Dr n. med. Justyna Kłos-Rola
Prof. Dr hab. n. med. Tomasz Żarnowski
What is it?
Glaucoma is a progressive disorder of the optic nerve that leads to irreversible damage of vision. There are two main types of glaucoma: open-angle glaucoma and narrow-angle glaucoma. Very rarely there are instances of specific types of glaucoma, such as congenital, infantile or juvenile glaucoma. Sometimes glaucoma is associated with other disorders within the eyeball, as for example, disease caused by pseudoexfoliation (PEX) syndrome (pseudoexfoliation glaucoma) or pigment dispersion syndrome (pigmentary glaucoma). Untreated glaucoma can lead to blindness.
Glaucoma can develop very slowly, over many years, painlessly damaging the optic nerve in a way imperceptible for the patient. In the case where only one eye is affected the patient may not even notice problems with vision. The problem might be detected incidentally when the healthy eye is covered or during ophthalmological examination.
However, it may also happen that the disease develops quickly. In such instance the patient loses vision in a few months. Sometimes additional sudden symptoms, called an attack of glaucoma, appear. These are associated with angle closure and include severe eye pain and headaches, nausea and even vomiting, worsening of vision, and rainbow-like halos.
The only way to detect glaucoma are regular ophthalmological examinations, particularly in the case of people with positive family history of the disease. During routine eye examination ophthalmologist examines the intraocular pressure, which is the major risk factor for the development of glaucoma and the only one that is subject to treatment. In the course of examination ophthalmologist assesses eye anatomy, filtration angle and appearance of the optic disc. In order to detect and monitor glaucoma patient should regularly perform additional examinations - visual field test and optic nerve imaging such as HRT, OCT or Gdx.
Methods of treatment
Treatment of glaucoma includes pharmacotherapy, laser therapy and surgeries that are intended to lower intraocular pressure (IOP). Therapy begins with medication and laser therapy. Surgical procedure is used in advanced cases of glaucoma and when, despite the aforementioned treatment, the disease continues to develop. Surgeries are used also in the case of the so-called normal-tension glaucoma, in which there is damage to the optic nerve despite normal intraocular pressure.
Nowadays, laser therapy is increasingly more often proposed as a first-line treatment also in the case of ocular hypertension. Although, after the surgery anti-inflammatory drugs should be taken for a couple of days, the patient can return to normal everyday activities already on the next day after the treatment. Laser therapy is also applied in cases when no control of intraocular pressure could be gained by means of medications.
Selective laser trabeculoplasty using Nd:YAG laser (SLT)
This is a safe, fast and non-invasive method. It is effective in case of open-angle glaucoma, pigmentary glaucoma, pseudoexfoliation syndrome (PEX), as well as in case of the eyes that underwent other ophthalmic procedures. The procedure is performed within the filtration angle and there is minimal tissue damage during the surgery. Usually it is completed during a single session. On average, the pressure is expected to be reduced by up to 30% and the effect
lasts 1-5 years.
A very important advantage of SLT is the possibility to repeat it, thanks to which this method became widely used in recent years. An older alternative to SLT is a classic argon laser trabeculoplasty (ALT), however, due to the tissue changes it causes, the procedure can be done only twice in a particular eye.
Iridotomy using Nd:YAG laser
This procedure is performed in case of a closed angle of filtration or a narrow one that is threatening to close as well as in acute glaucoma attack. The purpose of it is to create a hole in the peripheral iris. It is usually performed only once.
Iridotomy, alike other laser treatments, is subject to risk of transitory increase of intraocular pressure and temporary inflammation, which is the result of reaction to the treatment.
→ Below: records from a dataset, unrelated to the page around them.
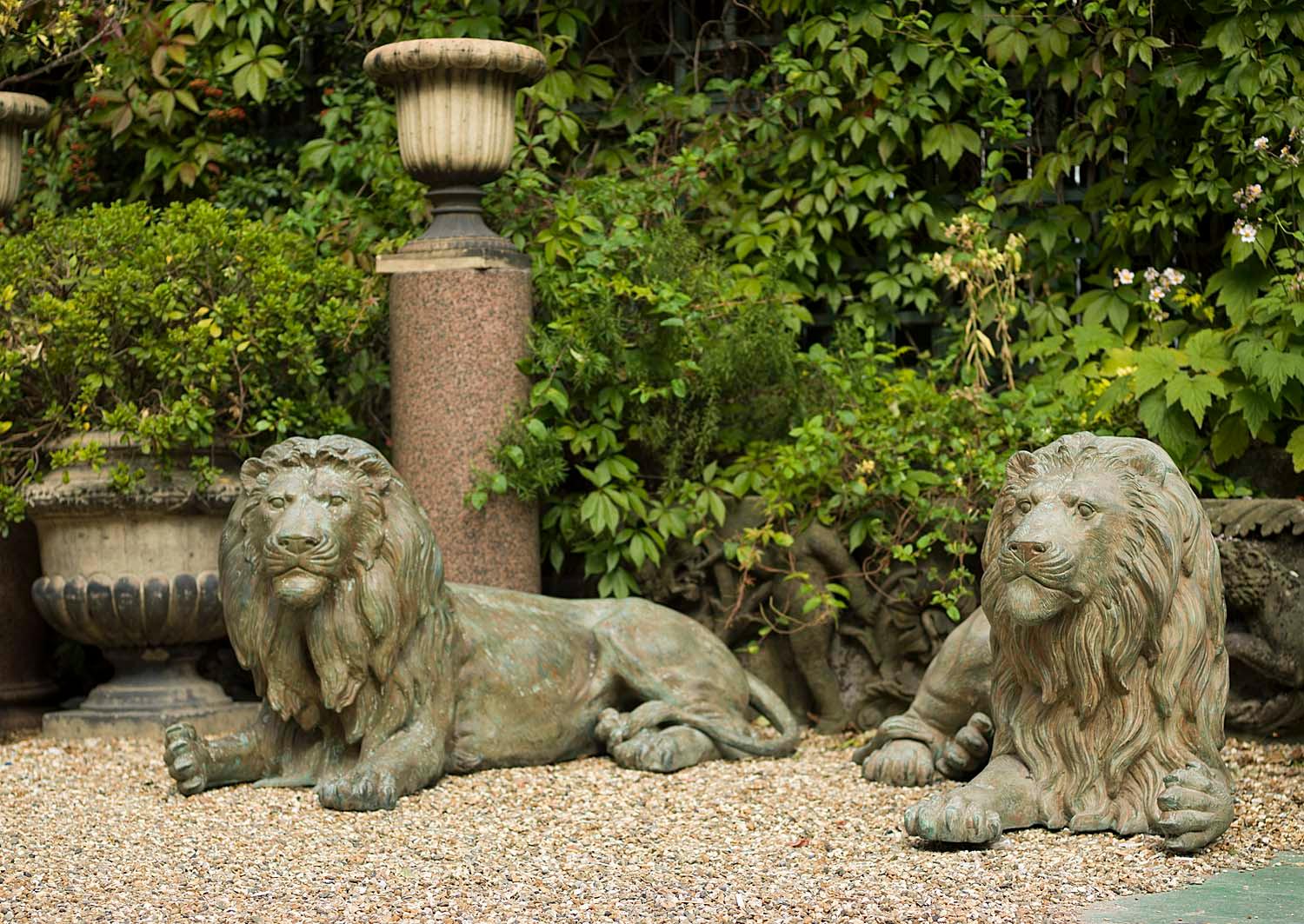 A pair of large and regal 20th century patinated bronze lions couchant. They could be displayed indoors, although their sheer size would dominate most rooms, rather much more suited to the outdoors in say a garden or a park.
Mid to late 20th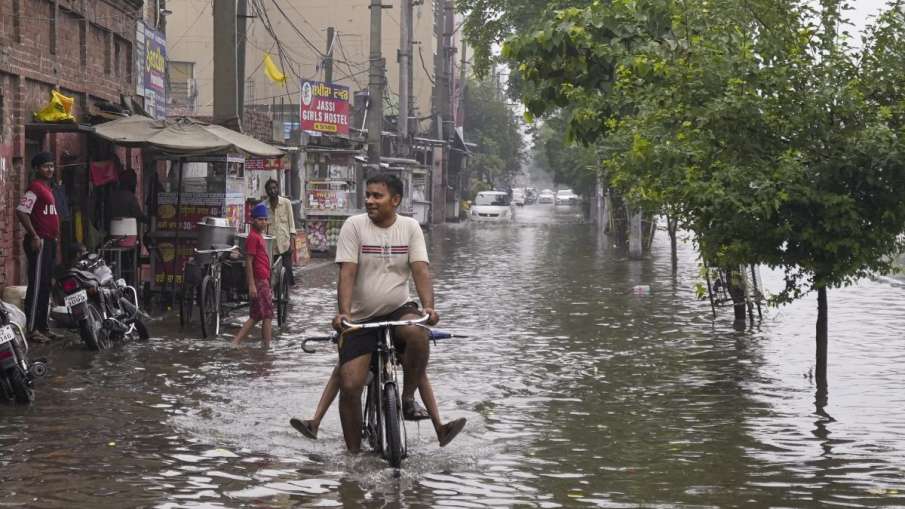 Cycle rider goes amidst waterlogging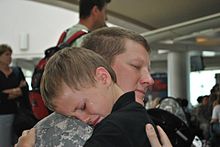 A young boy says goodbye to his dad before the father's deployment Seth Singleton.jpg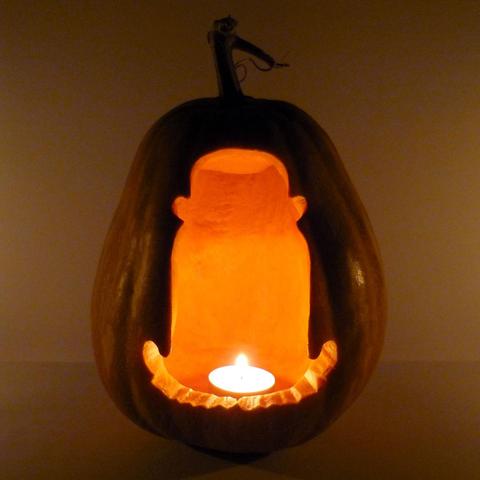 Cousin Itt from The Addams Family, diminutive, floor-length hair being, wearing a bowler hat is depicted on a carved pumpkin. Pumpkin with a tealight candle inside at night.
It may also involve bleeding into the anterior chamber of the eye.
This procedure is the gold standard in the surgical treatment of glaucoma. The treatment is advised to patients for whom other treatments are ineffective, in the case of whom the disease is progressing or is already very advanced at the time of detection. The treatment involves creating a new channel for outflow of the fluid (aqueous humor) from the anterior chamber of the eye under the conjunctiva, which is to lower the intraocular pressure. After surgery the so called filtration bleb forms in the patient's eye.
Other glaucoma treatments include sclerectomy, canalostomy and procedures involving implants, among others, also Ahmed implant. The aim of all surgical procedures is to lower the intraocular pressure and to stop the development of the disease, and not vision improvement.